En conséquence, les espoirs suscités par l’annonce de la rencontre du numéro 1 béninois avec les secrétaires généraux des centrales et confédérations syndicales n’ont pas donné les fruits miroités par la promesse des fleurs.

Et pourtant, pour ceux qui savent lire entre les lignes, le Président béninois est bien disposé a donné suite aux revendications des travailleurs mais pas au prix de mettre en difficulté la réalisation des réformes dont l’aboutissement est gage du bien-être de tous les béninois.

Tout en ayant à cœur les revendications des travailleurs qui trouveront à plus ou moins long terme satisfaction à leurs revendications avec des issues favorables, le chef de l’Etat ne peut pas accorder tout de suite ces avantages vue les réformes en cours et la situation économique sous régionale du moment.

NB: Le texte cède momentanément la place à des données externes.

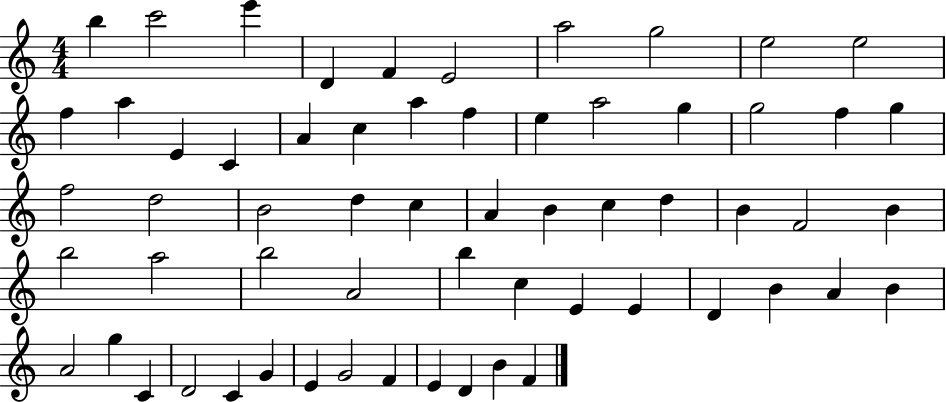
X:1
T:Untitled
M:4/4
L:1/4
K:C
b c'2 e' D F E2 a2 g2 e2 e2 f a E C A c a f e a2 g g2 f g f2 d2 B2 d c A B c d B F2 B b2 a2 b2 A2 b c E E D B A B A2 g C D2 C G E G2 F E D B F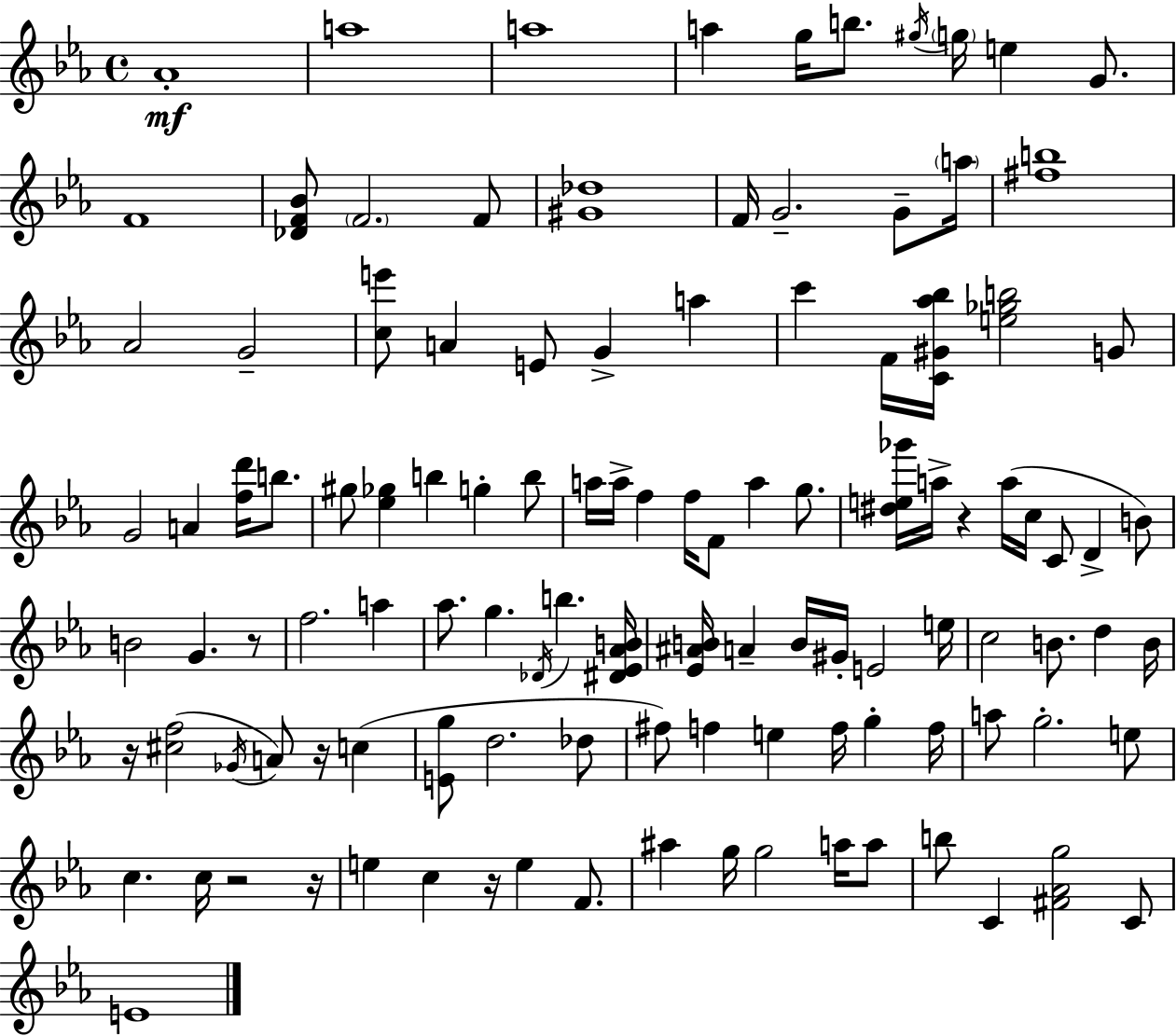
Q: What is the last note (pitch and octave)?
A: E4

Selon le Président Patrice Talon, un gouvernement responsable ne peut pas prendre des engagements dont les impacts négatifs futurs sont évidents.

Il paraît très clairement que par cette position, le Président Talon entend faire comprendre aux travailleurs qu’il donnera suite à leur revendication corporatiste lorsque les conditions seront plus favorables pour le faire tout en réalisant des projets socio-communautaires pour l’intérêt de la grande majorité qui contribue pourtant dans la cagnotte sans pour autant en bénéficier autant.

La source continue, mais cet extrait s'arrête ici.